Title: Text mining and the Semantic Web

Text mining and the Semantic Web
  • Dr Diana Maynard
  • NLP Group
  • Department of Computer Science
  • University of Sheffield

Structure of this lecture
  • Text Mining and the Semantic Web
  • Text Mining Components / Methods
  • Information Extraction
  • Evaluation
  • Visualisation
  • Summary

Introduction to Text Mining and the Semantic Web
What is Text Mining?
  • Text mining is about knowledge discovery from
    large collections of unstructured text.
  • Its not the same as data mining, which is more
    about discovering patterns in structured data
    stored in databases.
  • Similar techniques are sometimes used, however
    text mining has many additional constraints
    caused by the unstructured nature of the text and
    the use of natural language.
  • Information extraction (IE) is a major component
    of text mining.
  • IE is about extracting facts and structured
    information from unstructured text.

Challenge of the Semantic Web
  • The Semantic Web requires machine processable,
    repurposable data to complement hypertext
  • Such metadata can be divided into two types of
    information explicit and implicit.

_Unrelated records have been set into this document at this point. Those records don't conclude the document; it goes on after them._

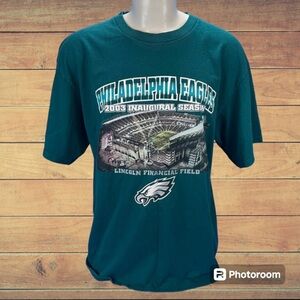 Vintage 2003 NFL Football Philadelphia Eagles Inaugural Season Tee T Shirt Sz XL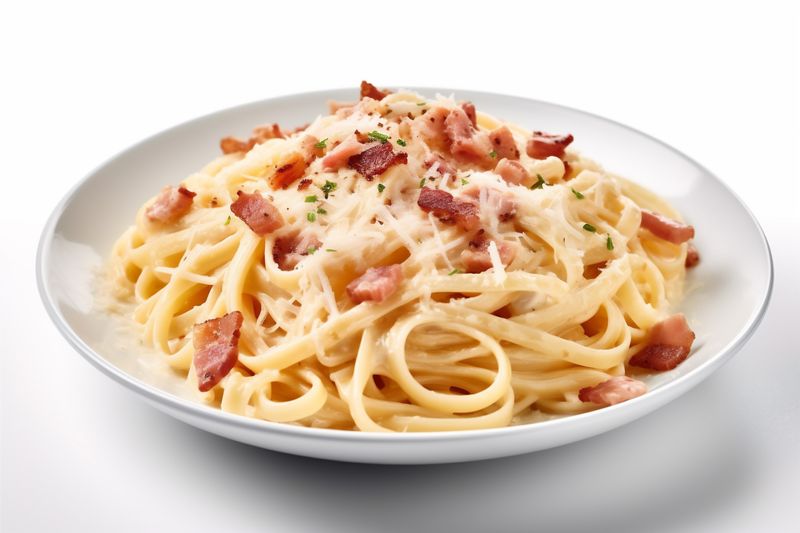 bacon meal carbonara italian pasta meat cheese spaghetti sauce food. Generative AI.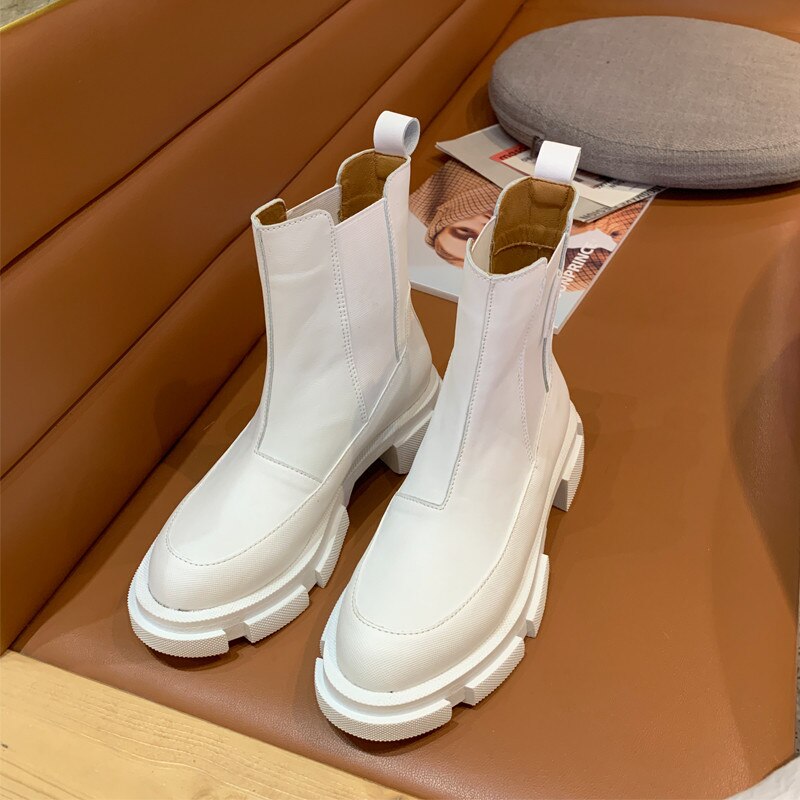 Kvinder chelsea støvler tyk sål platform korte støvletter slip-on motorcykel støvler sort hvid efterår sko botas mujer: Hvid / 37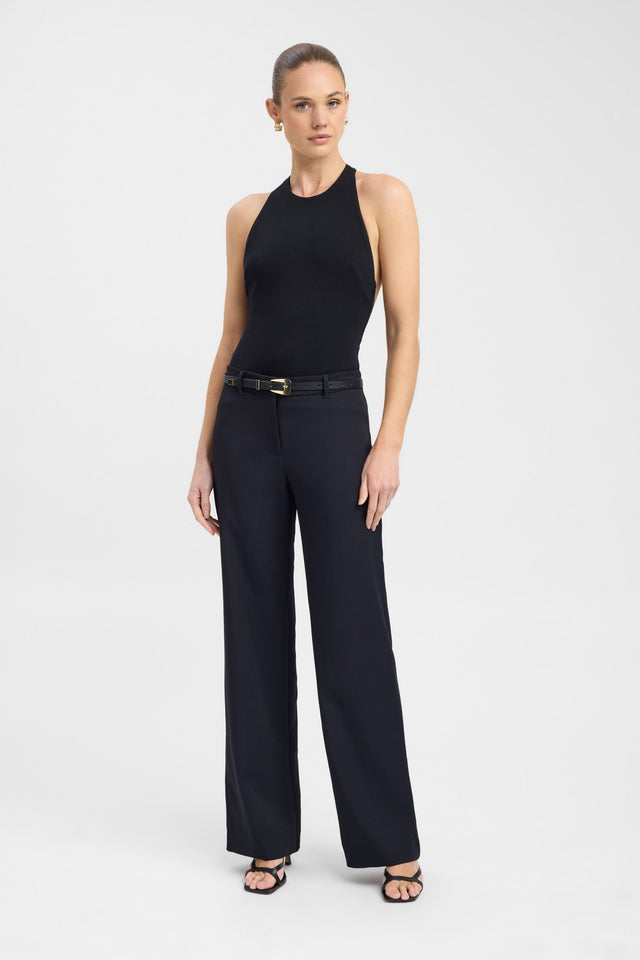 side Imogen Racer Tank Kookai Fitted Round black womens-singlets 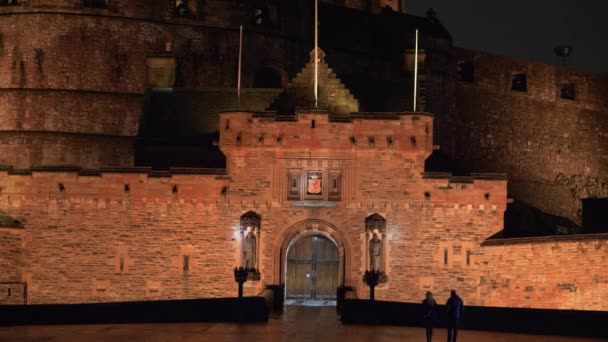 Castello Edimburgo Bella Vista Notturna Riprese Viaggio — Video Stock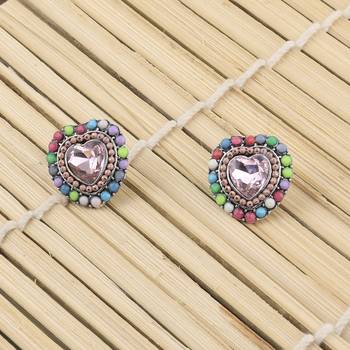 Charm Stylish Heart Shape Diamond Stud Earring For Women Girl 4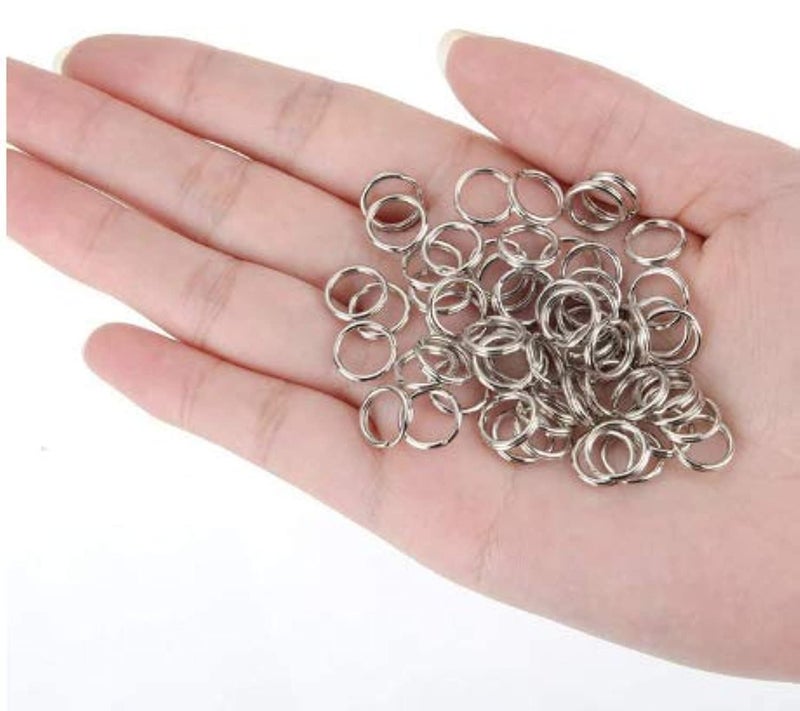 لاسوم 200 قطعة 10 مم حلقات مزدوجة دائرية من LASSUM موصل سلكي لصنع المجوهرات، فضي - Image 2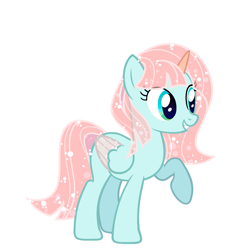 Size: 1883x1925 | Tagged: artist needed, source needed, safe, ocellus, alicorn, pony, g4, base used, beautiful, disguise, disguised changeling, female, glowing, grin, mare, ponified, pony ocellus, raised hoof, shiny, simple background, smiling, solo, species swap, white background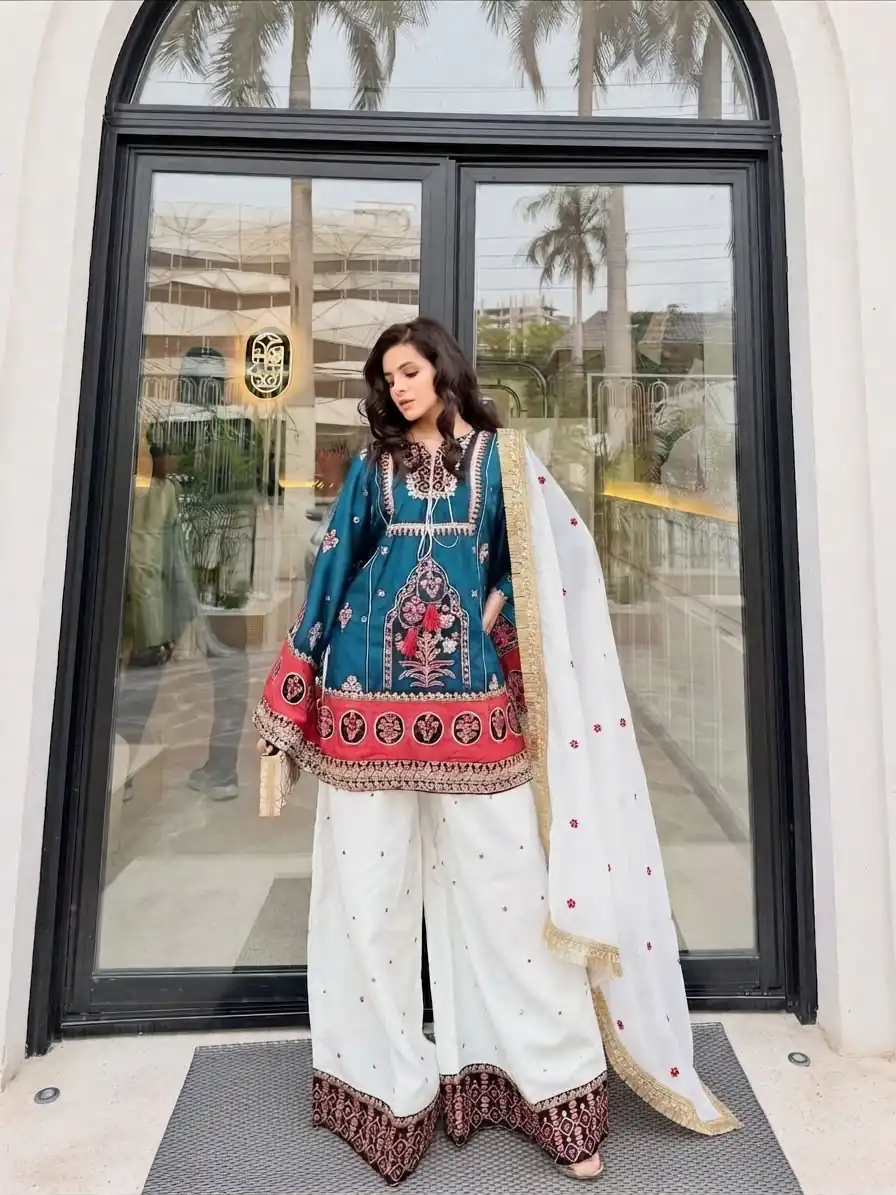 SKF 1731 Blue Color Natural Crep Salwar Suit with Embroidery Work. Wedding, Party, Festive, Best Price ₹2149. Delivery 4-6 Working Days. Shop now. | Casual Suits, Jump Suits, Creative suits, Designer Suits, Palazzo Suits, Party Wear Suits, Patiala Suits, Salwar suit, Straight Suits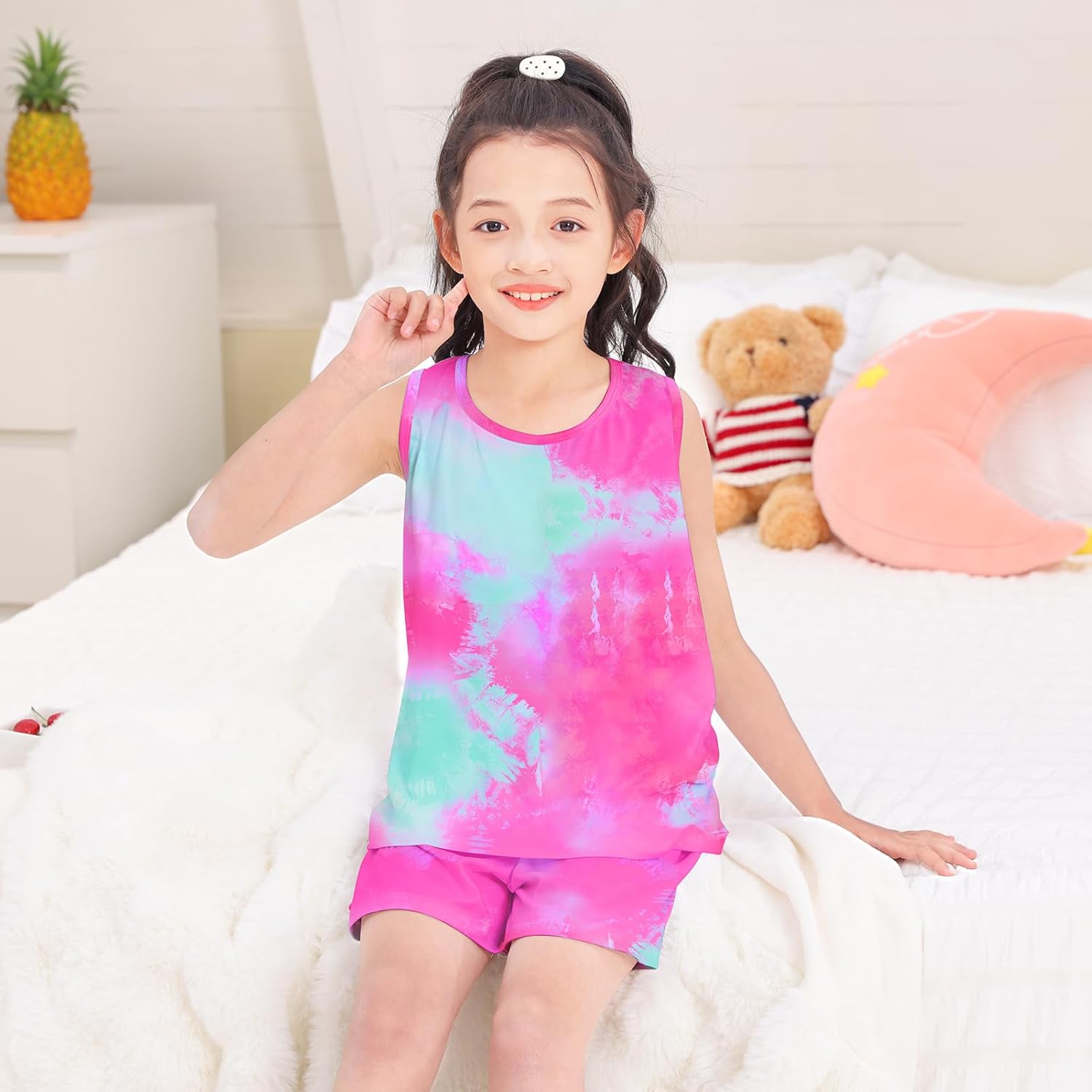 Girls Pajamas for kids Sleepwear Girl Tank Tops Pjs Shorts Set 2Pcs for Teen Girls Summer Casual Clothes - Image 6
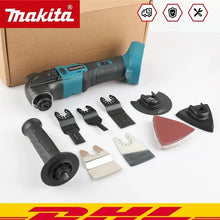 Makita DTM51 blue-black multi-tool lifestyle with multiple attachments outdoors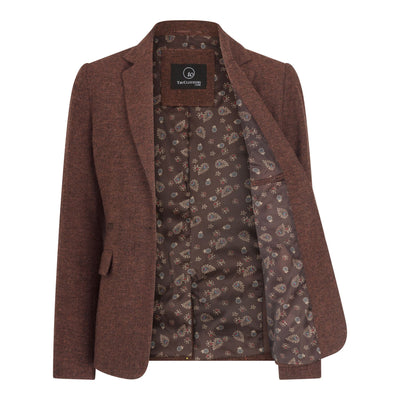 Women's Rust Brown 2 Piece Set Herringbone Wool Tweed Check Blazer Waistcoat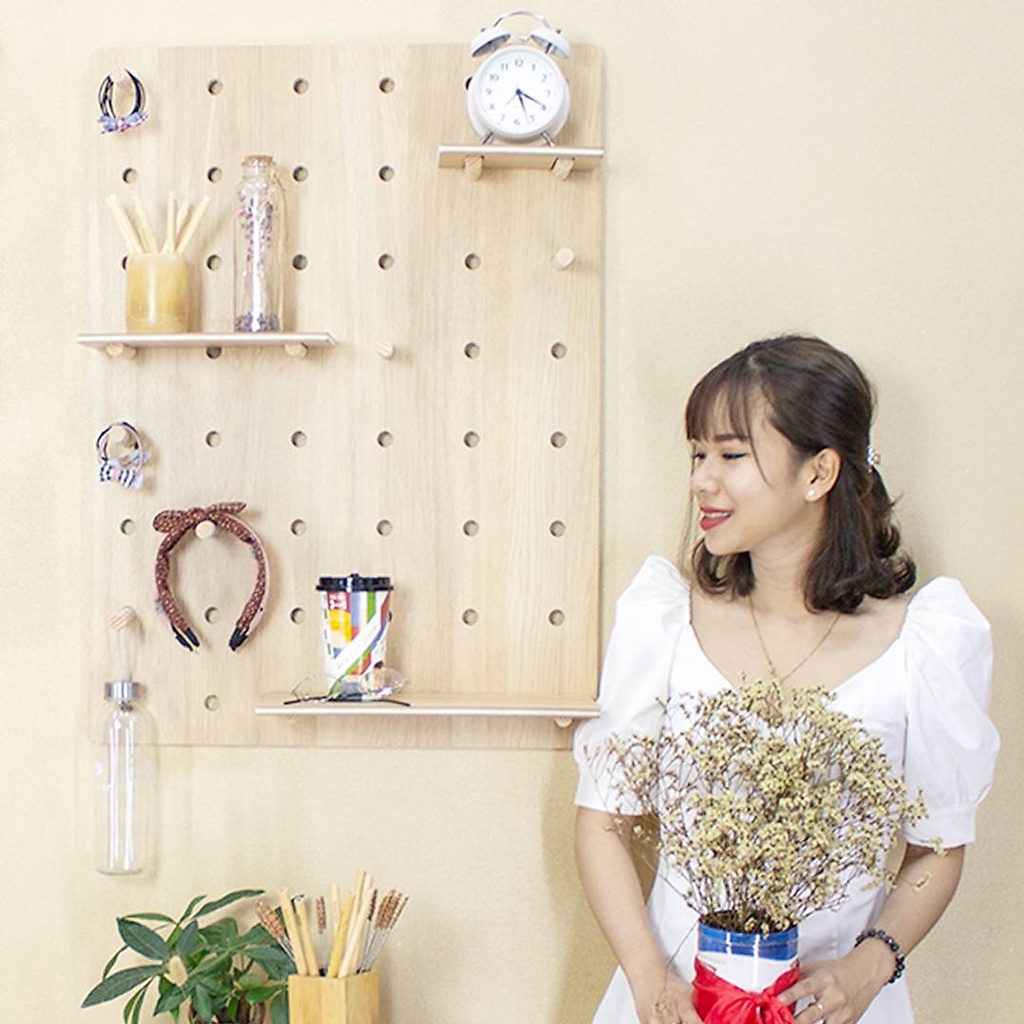 Kệ gỗ Pegboard treo tường thông minh TWS01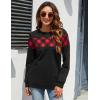imageBlooming Jelly Womens Color Block Plaid Shirt Crewneck Sweatshirt Elbow Patches Pullover Sweatshirt TopBlack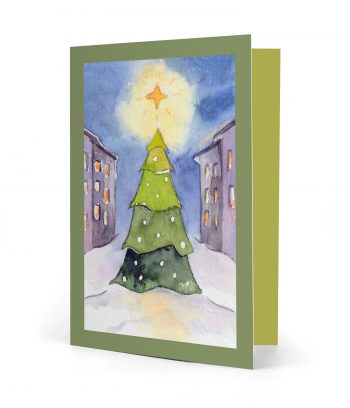 Vorderseite einer gedruckten Weihnachtskarte mit dem Motiv "Weihnachtsbaum mit Stern" und einem grünen Rahmen. Bild ist ein Aquarell.
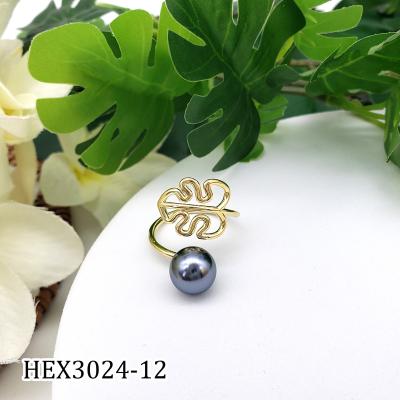 China Monstera Rings Jewelry Hawaiian Jewelry Wholesale Casual/Sporty Gold Adjustable Pearl Ring Rings Jewelry Women for sale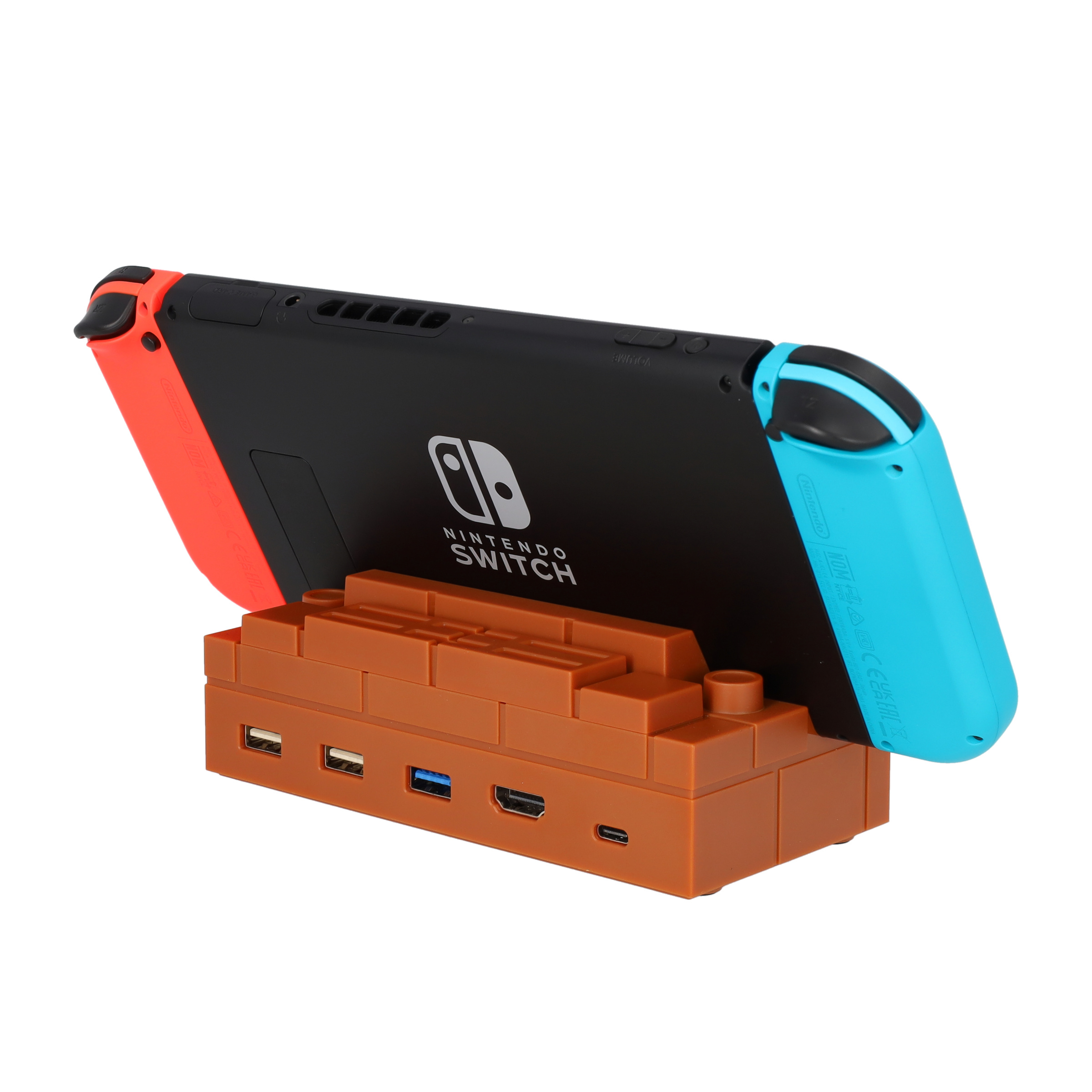Ladegerät Dockingstation Charging Dock mit Spiele Halterung und HDMI / USB C / 3x USB / 4x NGC Controller Anschluss für Nintendo Switch / OLED - Braun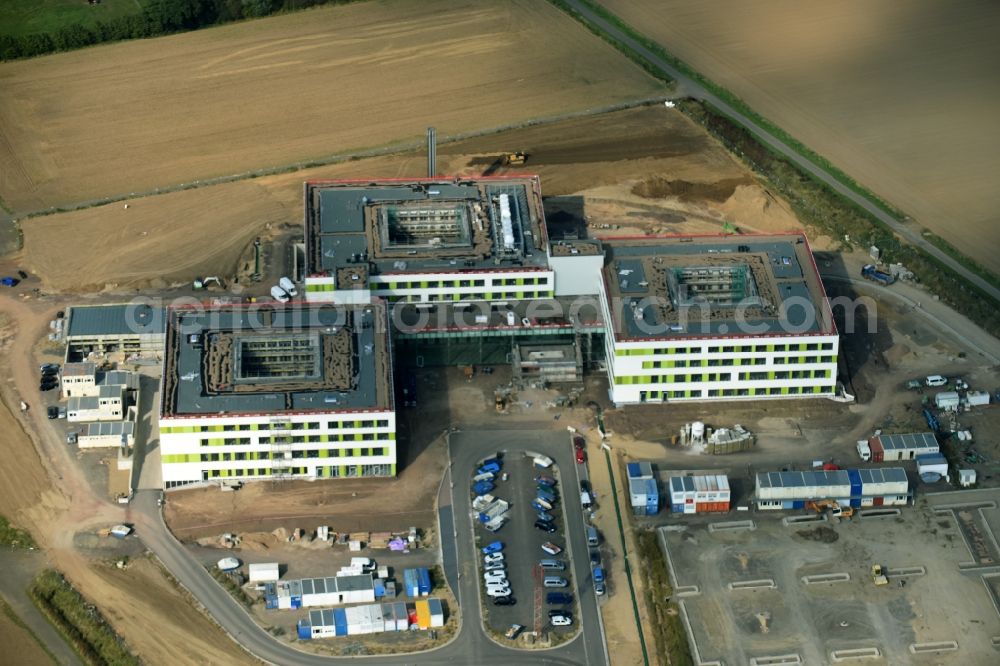 Aerial image Obernkirchen - Construction site on the hospital grounds to build a new hospital for the total Schaumburg district of Upper churches in Lower Saxony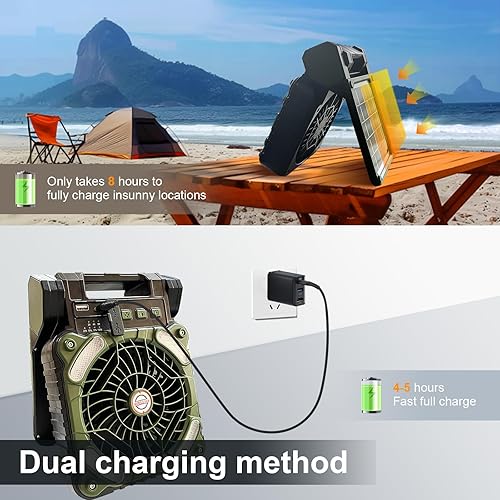 GY Ventilateur Camping Solaire Portable avec Lumière LED et Minuterie - Ventilateur de Table Rechargeable USB 10400mAh, 4 Vitesses Silencieux pour Bureau, Jardin, Pêche et Voyage - Nail Gallerys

IE is mainly
    concerned with implicit (semantic) metadata.
  • More on this later

Text mining components and methods
Text mining stages
  • Document selection and filtering (IR techniques)
  • Document pre-processing (NLP techniques)
  • Document processing (NLP / ML / statistical

Stages of document processing
  • Document selection involves identification and
    retrieval of potentially relevant documents from
    a large set (e.g. the web) in order to reduce the
    search space. Standard or semantically-enhanced
    IR techniques can be used for this.
  • Document pre-processing involves cleaning and
    preparing the documents, e.g. removal of
    extraneous information, error correction,
    spelling normalisation, tokenisation, POS
    tagging, etc.
  • Document processing consists mainly of
    information extraction
  • For the Semantic Web, this is realised in terms
    of metadata extraction

Metadata extraction
  • Metadata extraction consists of two types
  • Explicit metadata extraction involves information
    describing the document, such as that contained
    in the header information of HTML documents
    (titles, abstracts, authors, creation date, etc.)
  • Implicit metadata extraction involves semantic
    information deduced from the material itself,
    i.e. endogenous information such as names of
    entities and relations contained in the text.
    This essentially involves Information Extraction
    techniques, often with the help of an ontology.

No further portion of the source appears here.